私はある雑誌でさまざまなアーティストやアスリートへのインタビューを担当していた。残念ながら、廃刊になってしまったけれど。

 書家であり、墨のアーティストである金敷駸房さんには2度取材させていただいている。最初は2014年、2度目は2019年だった。

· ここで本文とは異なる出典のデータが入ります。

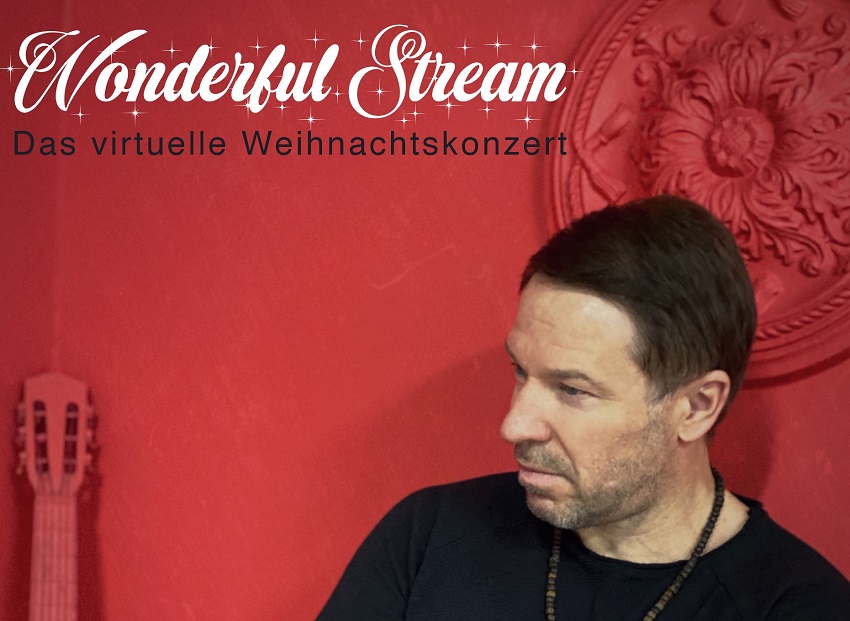 Wonderful Stream: Das virtuelle Weihnachtskonzert mit PATRIC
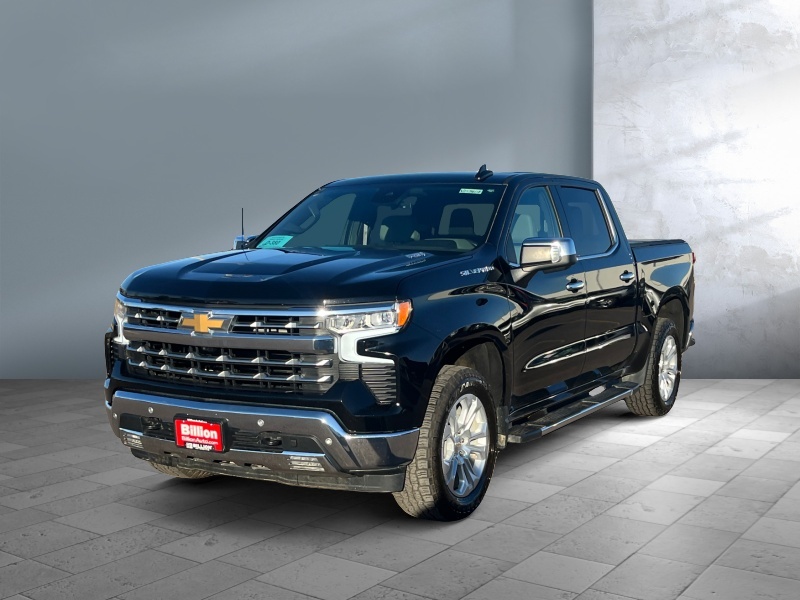 Used 2022 Chevrolet Silverado 1500 LTZ Truck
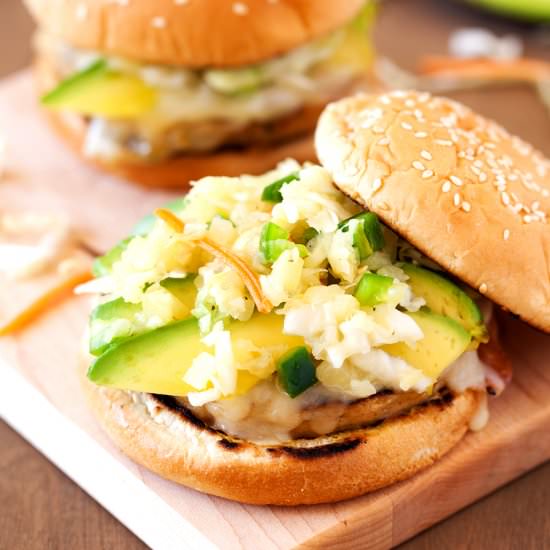 Alaskan Pollock Burgers - Recipe photo by thepkpway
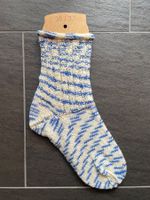 SOCKEN / STRICKSOCKEN -WOLLSOCKEN-HANDGESTRICKT CA GR. 35/36
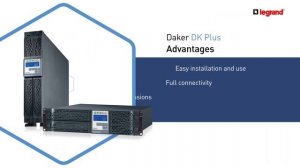 Legrand Daker DK Plus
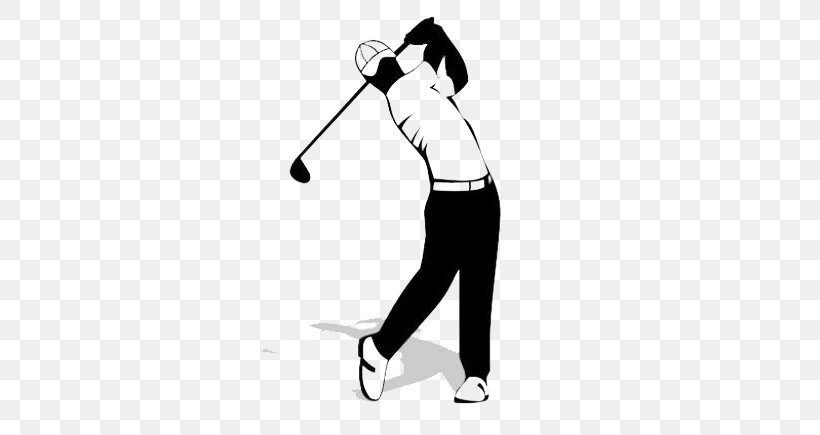 Golf Club Golf Stroke Mechanics Clip Art, PNG, 600x435px, Golf, Black, Black And White, Golf Ball, Golf Club Download Free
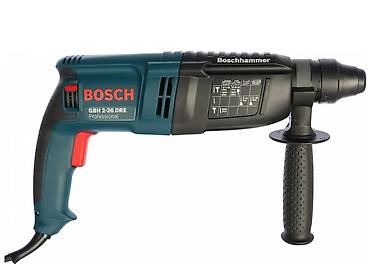 drelər: Bosch GBH 2-26 DRE Professional perforator - Güclü ştapel mexanizmi — 1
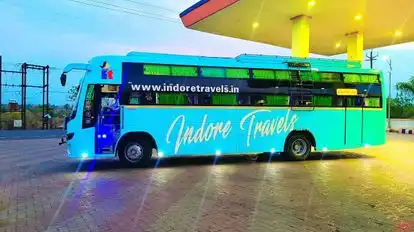 Indore Travels Bus-Side Image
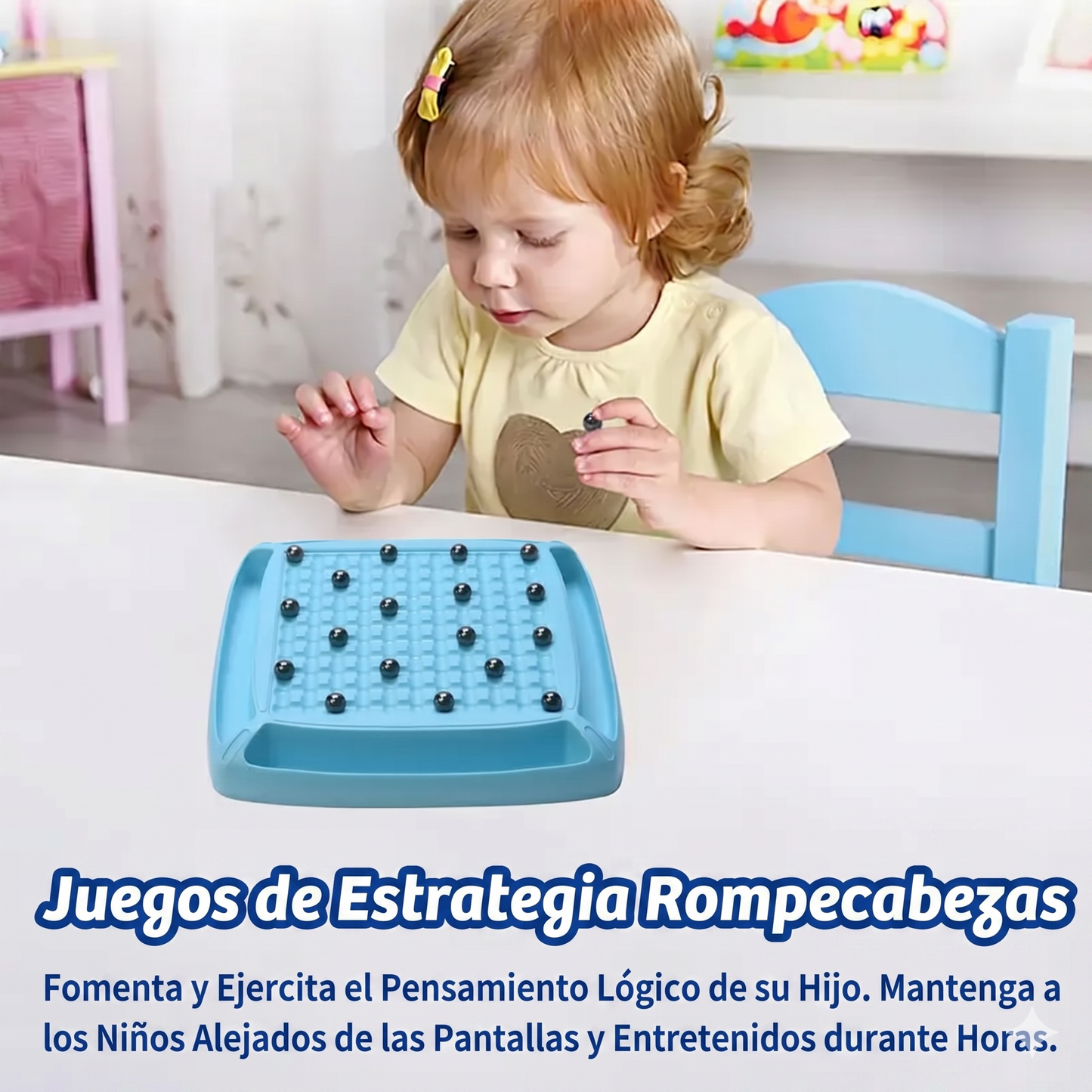 Juego De Mesa Ajedrez Estratégico Con 40 Piezas Para 2-4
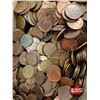 Image 4 : BULK LOT : CANADA PENNY COLLECTION (Loose) : Variety (Weighs 12.1kg)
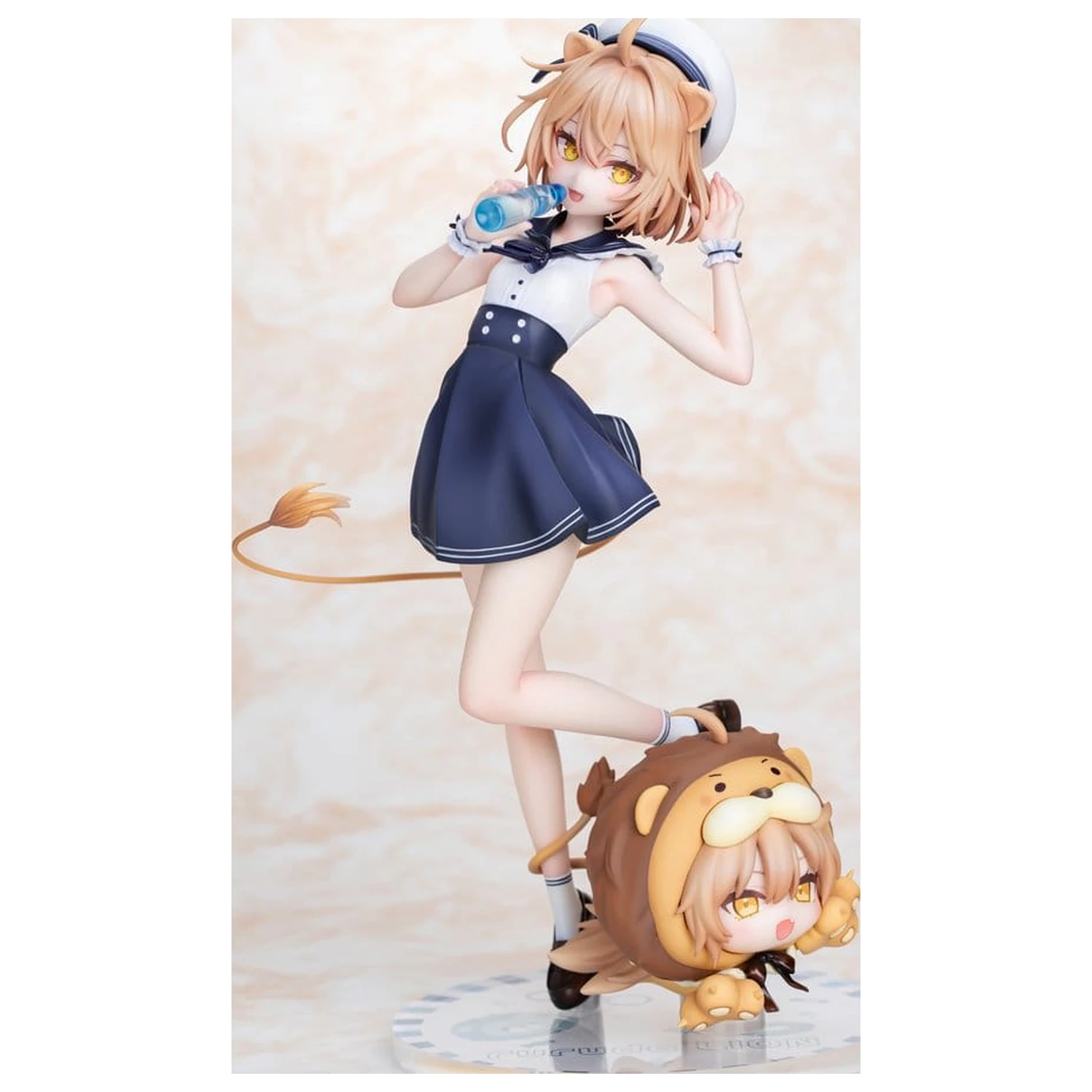 Oryginalna Figurka PVC 1/6 Rurudo Lion Marine Sailor Ver. 28 cm zdjęcie produktu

 金敷さんは書の世界で大活躍している注目の方で、書家の友人が大推薦する方だった。彼は書によるアーティフィシャルな個展を何度も開催されている。仕事としては、NHKの大河ドラマや朝ドラの中に出てくる手紙なども、金敷さんの筆によるものだ。ま、これは彼のほんの一面に過ぎないけれど。

3メートルの文字が空を舞った

 取材の最初の回では、墨を含むと30キロにもなる長く太い毛筆で、巨大な和紙に「道」という文字を一気に書いてもらった。長身でイケメンの金敷さんが発する息遣いと筆の音が大ホールに響く。ほぼ3メートルもある文字は紙の上にとどまらず、まるで空間に舞い上がるように見えた。もうカッコよすぎて、うっとりな記憶がよみがえる。

豆腐にイカ墨で書いた生の作品

 2度目はなんと豆腐にイカ墨で「心」という文字を書いてもらうという遊びに挑んでもらった。お弟子さんたちが取り寄せたさまざまな豆腐に次々と試し書き。「イカ墨だから、食べられるね」とみんなで笑う楽しい時間だった。生まれたのは、それはそれは美しくユニークな作品で、保存できないのが残念で仕方がなかった。なんせ豆腐とイカ墨は、生ですから。

作品の前で立ち尽くす

金敷さんは単に墨を使っているだけのアーティストではない。古典を学ぶ文字のプロ。墨と文字で、黒と白の世界を切り拓く書家でありアーティストなのだ。

 昨年は東急文化村で開かれた個展も作品の前で息を呑んだ。ギャラリーの壁一面に描かれた圧巻の書や小さな額の中のユーモア溢れる文字に、目は釘付け、心臓は鷲掴み。しばし呆然とするほどだった。

 金敷さんの書の大ファンとなった私は、ここ数年、すっかり親しくさせていただいている。私のジャズライブにまできていただけるほどに。

 ファンだけれど書には門外漢の私。それがなんと、次に創られる金敷さんの作品集に私の文章を載せていただくことになったのだ。思ってもいなかったことで、まさにライター冥利につきるとはこのこと。
 あー、すみません。またプチ自慢してしまいました。